● Dataset excerpt
----

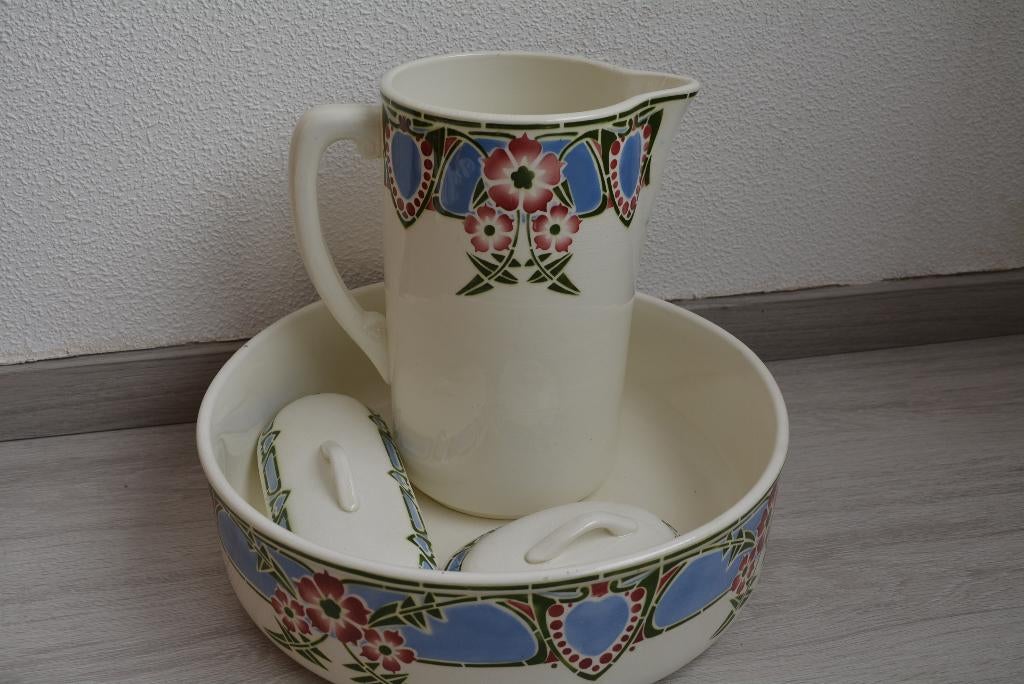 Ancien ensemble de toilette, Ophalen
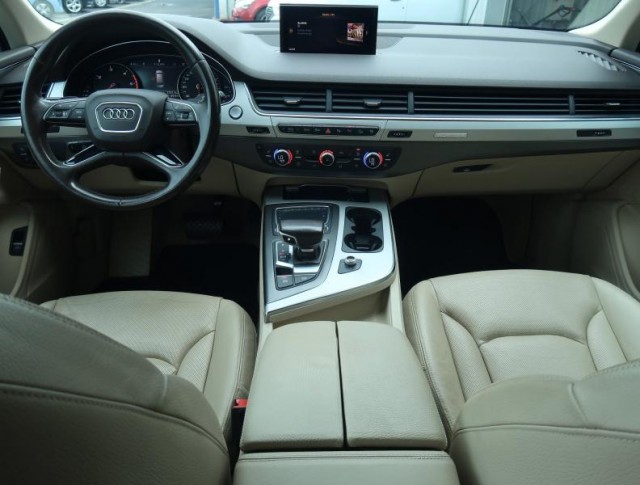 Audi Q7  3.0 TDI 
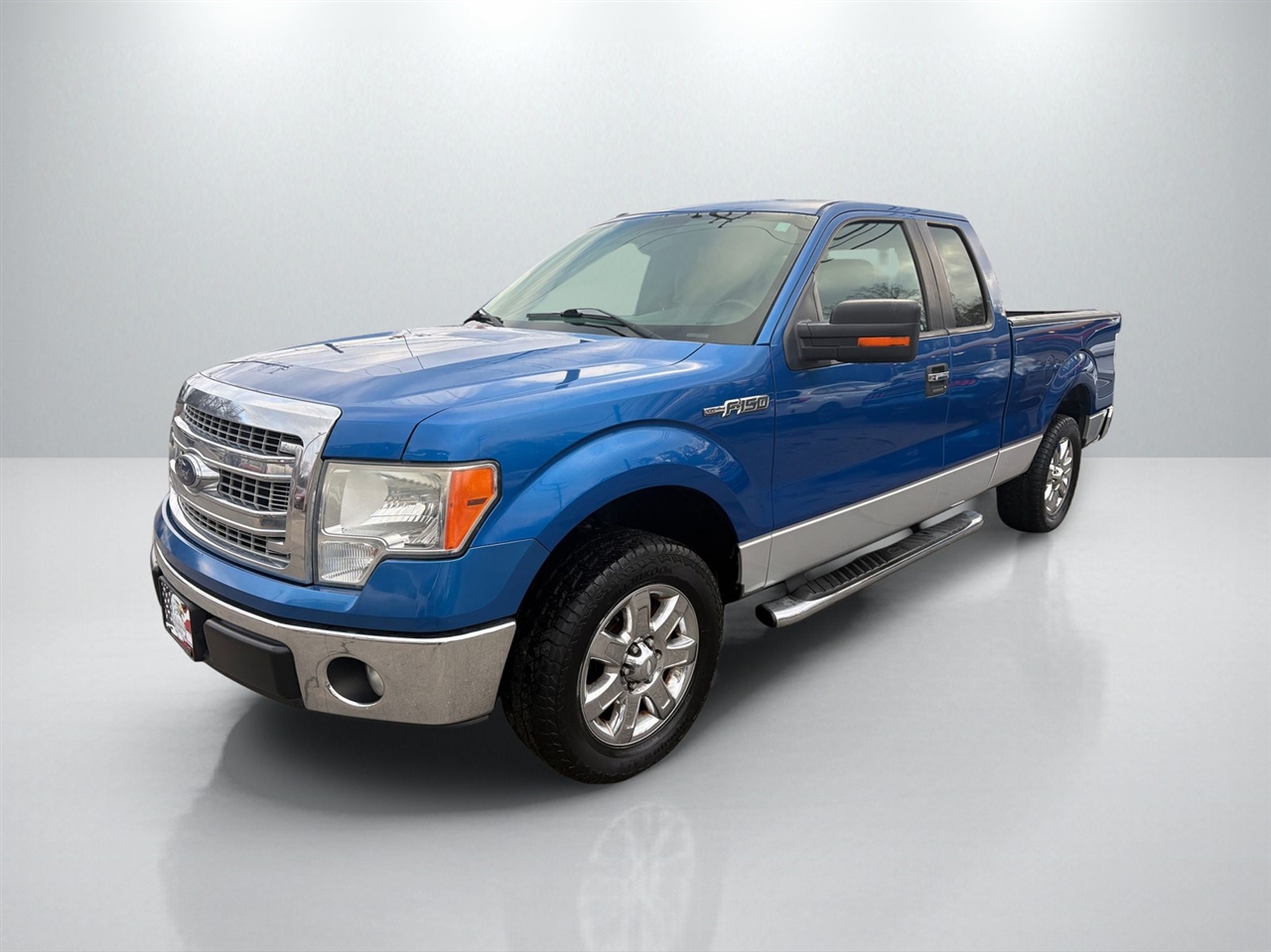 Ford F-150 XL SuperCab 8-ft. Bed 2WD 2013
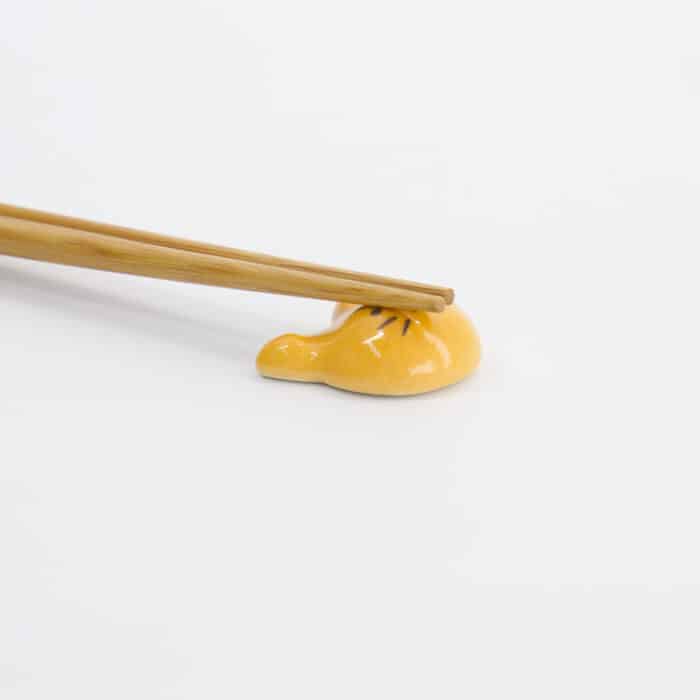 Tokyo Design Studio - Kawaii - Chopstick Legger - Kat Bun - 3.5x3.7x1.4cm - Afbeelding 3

----

● Work to be completed
Reprint the data verbatim, pictures excluded.

● Completed exercise
 Ancien ensemble de toilette, Ophalen
 Audi Q7  3.0 TDI 
 Ford F-150 XL SuperCab 8-ft. Bed 2WD 2013
 Tokyo Design Studio - Kawaii - Chopstick Legger - Kat Bun - 3.5x3.7x1.4cm - Afbeelding 3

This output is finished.